DERAPWAKTU.COM, PELAIHARI – Onggokan sampah yang berpotensi menghambat aliran air menjadi perhatian berbagai elemen masyarakat di Kecamatan Pelaihari, Kabupaten Tanah Laut (Tala), Sabtu (25/7/2026) pagi.Puluhan relawan bersama unsur pemerintah, TNI-Polri, hingga komunitas turun langsung membersihkan aliran Sungai Matah sebagai upaya mencegah banjir dan penyebaran penyakit.

Kegiatan yang dimulai sekitar pukul 08.30 Wita hingga 10.00 Wita itu diinisiasi oleh komunitas peduli lingkungan MPAI My Darling. Organisasi ini tergolong aktif melaksanakan kegiatan sosial kemasyarakatan.

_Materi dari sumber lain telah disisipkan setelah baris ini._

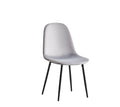 Chaise SCANDINAVE pied NOIR velours GRIS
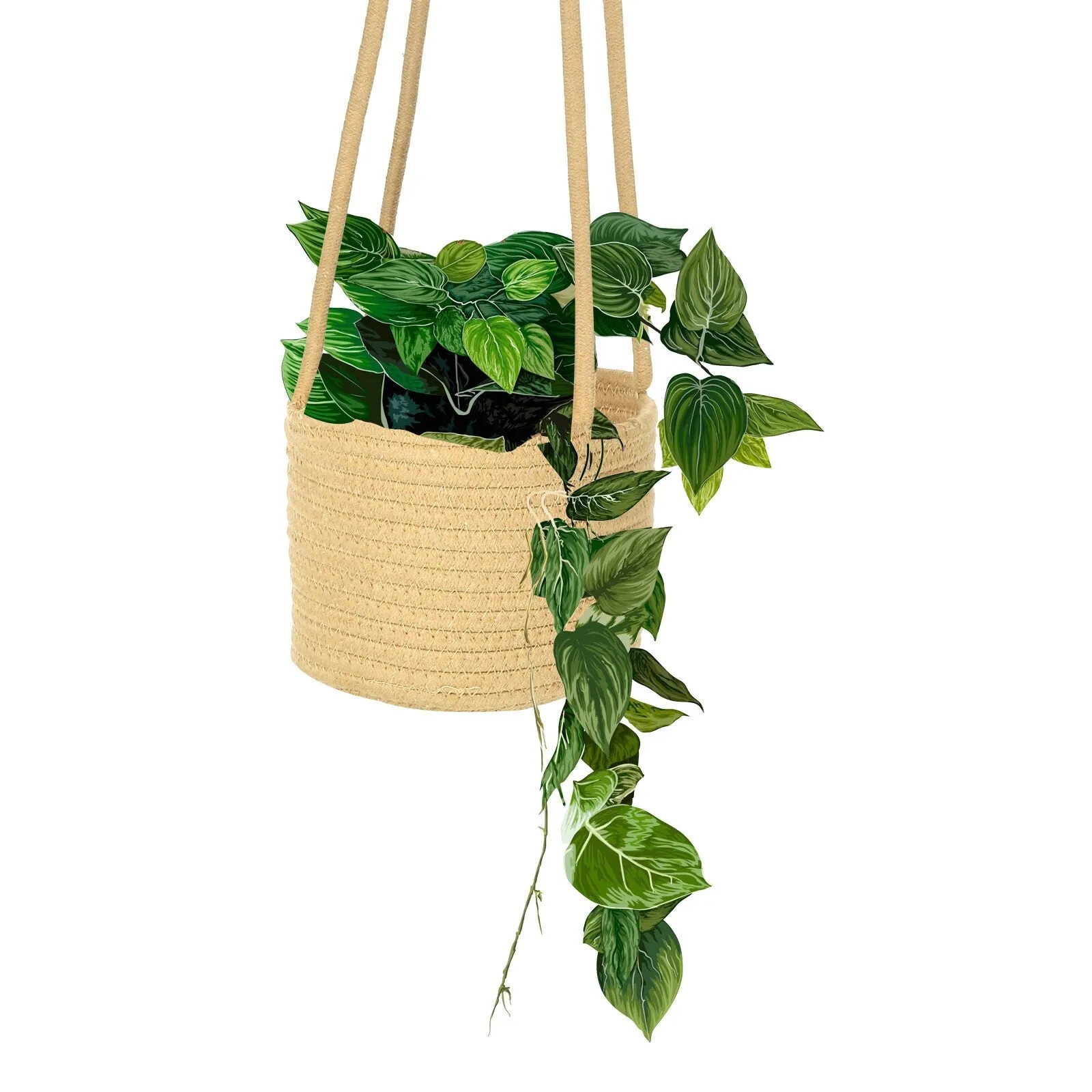 Hanging Planter Basket Indoor, Woven Macrame Plant Basket with 28" Hanging Rope - Brown - 2 Pack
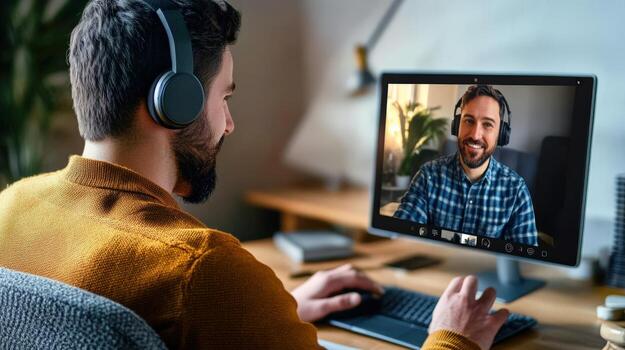 A man is sitting at desk with a computer monitor in front of him photo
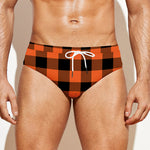 Pumpkin Orange Buffalo Check Print Men's Swim Briefs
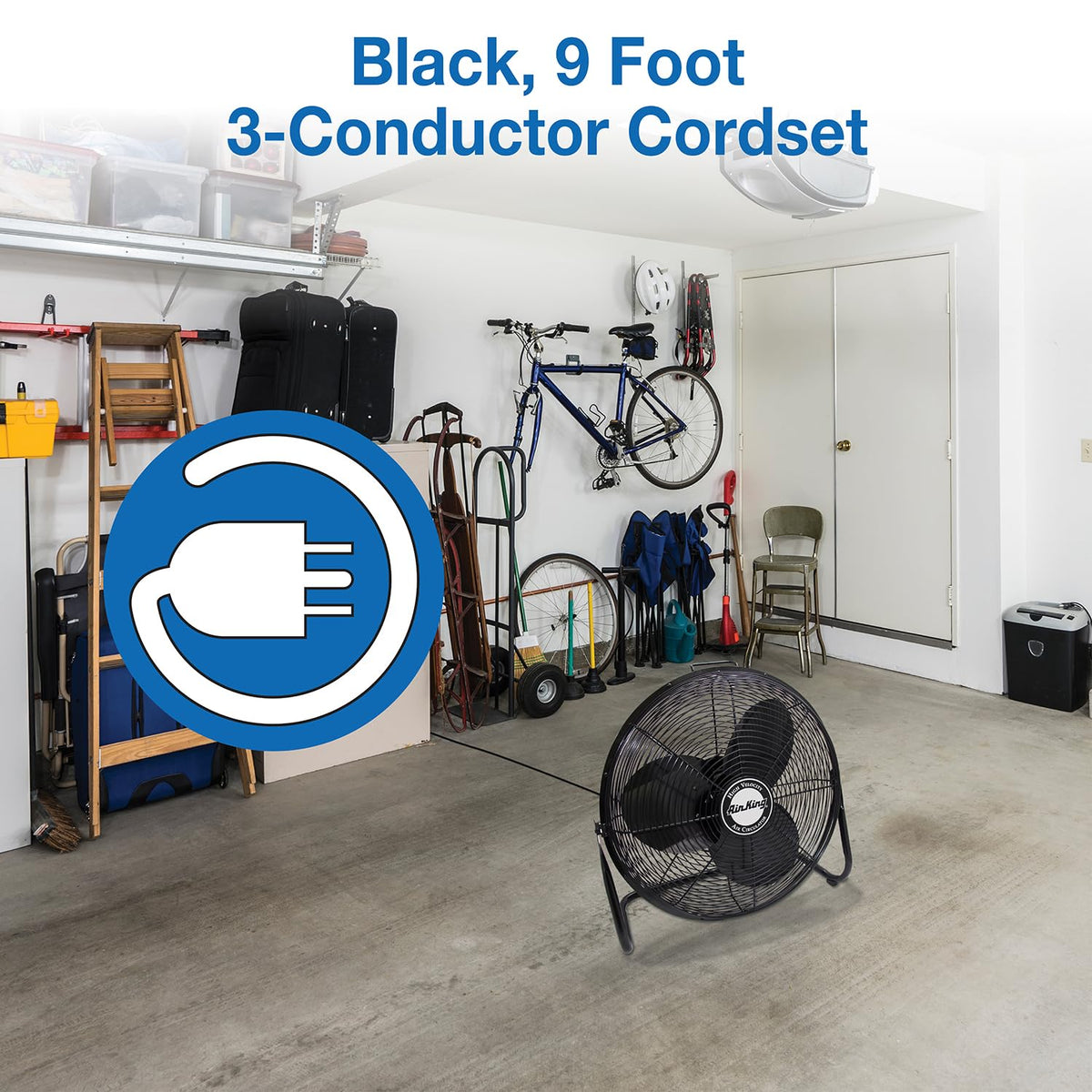 20-Inch High Velocity Pivoting Floor Fan, Black R515526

Selain aksi bersih-bersih, juga penanaman pohon penghijauan hingga bakti sosial.

Aksi gotong royong tersebut diikuti personel Polsek Pelaihari, Koramil, Kecamatan Pelaihari, Kelurahan Pelaihari, Karang Taruna, serta sejumlah komunitas dan organisasi masyarakat.

Kapolsek Pelaihari Ipda Karia Jaya mengatakan, keterlibatan Polri dalam kegiatan tersebut merupakan bentuk dukungan terhadap gerakan menjaga kebersihan lingkungan sekaligus membangun kesadaran masyarakat.

"Aliran sungai yang bersih membuat air mengalir lancar sehingga dapat mengurangi potensi genangan. Lingkungan yang bersih juga lebih sehat, sedangkan sungai yang kotor berpotensi menjadi sumber berbagai penyakit," ujarnya di sela kegiatan.

Menurutnya, menjaga kebersihan sungai tidak bisa hanya mengandalkan pemerintah. Diperlukan kepedulian seluruh lapisan masyarakat agar kebiasaan membuang sampah sembarangan dapat dihilangkan.

Selain personel TNI-Polri dan pemerintah, aksi tersebut juga diikuti komunitas IKSPI Kera Sakti, Forza, KKSS, DPRKPLH, serta KPH Tanah Laut. Mereka bergotong royong mengangkat sampah organik maupun anorganik yang mengendap di aliran sungai.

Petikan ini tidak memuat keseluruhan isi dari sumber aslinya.